Re: Re: [PATCH 3/4] builtin/clone.c: recognize fetch.serverOption configuration

Patrick Steinhardt <ps@xxxxxx> · Thu, 5 Sep 2024 13:05:15 +0200

On Wed, Sep 04, 2024 at 03:49:28PM +0800, Xing Xin wrote:
> At 2024-09-03 18:09:45, "Patrick Steinhardt" <ps@xxxxxx> wrote:
> >On Mon, Sep 02, 2024 at 12:13:55PM +0000, Xing Xin via GitGitGadget wrote:
> >> diff --git a/Documentation/git-clone.txt b/Documentation/git-clone.txt
> >> index 8e925db7e9c..105645ed685 100644
> >> --- a/Documentation/git-clone.txt
> >> +++ b/Documentation/git-clone.txt
> >> @@ -149,6 +149,9 @@ objects from the source repository into a pack in the cloned repository.
> >>  	unknown ones, is server-specific.
> >>  	When multiple ++--server-option=++__<option>__ are given, they are all
> >>  	sent to the other side in the order listed on the command line.
> >> +	When no ++--server-option=++__<option>__ is given from the command
> >> +	line, the values of configuration variable `fetch.serverOption`
> >> +	are used instead.
> >>  
> >>  `-n`::
> >>  `--no-checkout`::
> >
> >I'm not a 100% sure, but I don't think that `fetch.*` configs typically
> >impact git-clone(1). So this here is a tad surprising to me.
> >
> >It makes me wonder whether it is actually sensible to implement this as
> >part of the `fetch` namespace in the first place. I'm not yet quite sure
> >where this whole series slots in, that is why one would want to set up
> >default server options in the first place. So what I'm wondering right
> >now is whether the server options are something that you want to apply
> >globally for all remotes, or whether you'd rather want to set them up
> >per remote.
> 
> Sorry for not explaining our use case clearly. We have several internal
> repositories configured with numerous CI tasks, each requiring code
> preparation (sometimes via clone, sometimes via fetch). These CI tasks
> are ususally triggered by post-receive hook, so the concurrent tasks are
> actually fetching the same copy of code.
> 
> On git server, we want to deploy a special pack-objects-hook to mitigate
> the performance impacts caused by these CI tasks (so the packfile
> produced by git-pack-objects can be reused).  Since not all clone/fetch
> operations can benefit from this caching mechanism (e.g. pulls from
> users' dev environment), we need the client to pass a special identifier
> to inform the server whether caching support should be enabled for that
> clone/fetch. Clearly, using server options is a good choice.
> 
> To achieve our design, we need to add two patch series to git:
> 
> 1. Support injecting server options to identify environments via
>    configuration, because adding the --server-option parameter would
>    require too many script modifications, making it difficult to deploy.
>    This is what this patch series does.
> 2. Git server should pass the received server options as environment
>    variables (similar to push options) to the pack-objects-hook.

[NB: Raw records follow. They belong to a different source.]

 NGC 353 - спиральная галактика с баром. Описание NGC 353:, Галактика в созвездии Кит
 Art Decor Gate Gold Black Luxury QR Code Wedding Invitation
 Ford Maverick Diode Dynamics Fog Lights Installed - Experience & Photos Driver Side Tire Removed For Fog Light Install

When you talk about client, do you mean that the actual users will have
to configure this? That sounds somewhat unmaintainable on your side from
the surface. I guess I ain't got enough knowledge around the environment
you operate in though, so I probably shouldn't judge.

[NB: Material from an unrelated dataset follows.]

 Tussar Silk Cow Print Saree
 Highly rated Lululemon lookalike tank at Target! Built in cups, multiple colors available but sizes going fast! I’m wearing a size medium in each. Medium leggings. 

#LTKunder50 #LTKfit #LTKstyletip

> >In the latter case I could see that it may make sense to instead make
> >this `remote.<name>.serverOption`. This would also remove the unclean
> 
> I named the new configuration `fetch.serverOption` mainly to follow the
> `push.pushOption` pattern.  Since which server options to support is
> actually server-specific, using `remote.<name>.serverOption` is a good
> idea for git-fetch. However, how should we design the configuration for
> git-ls-remote or git-clone, if we wanna provide all of them with a
> default list of server options to send?

As mentioned in another reply, I think that putting this into the remote
configuration "remote.*.serverOption" might be a better solution, as it
also brings you the ability to set this per remote by default.

Patrick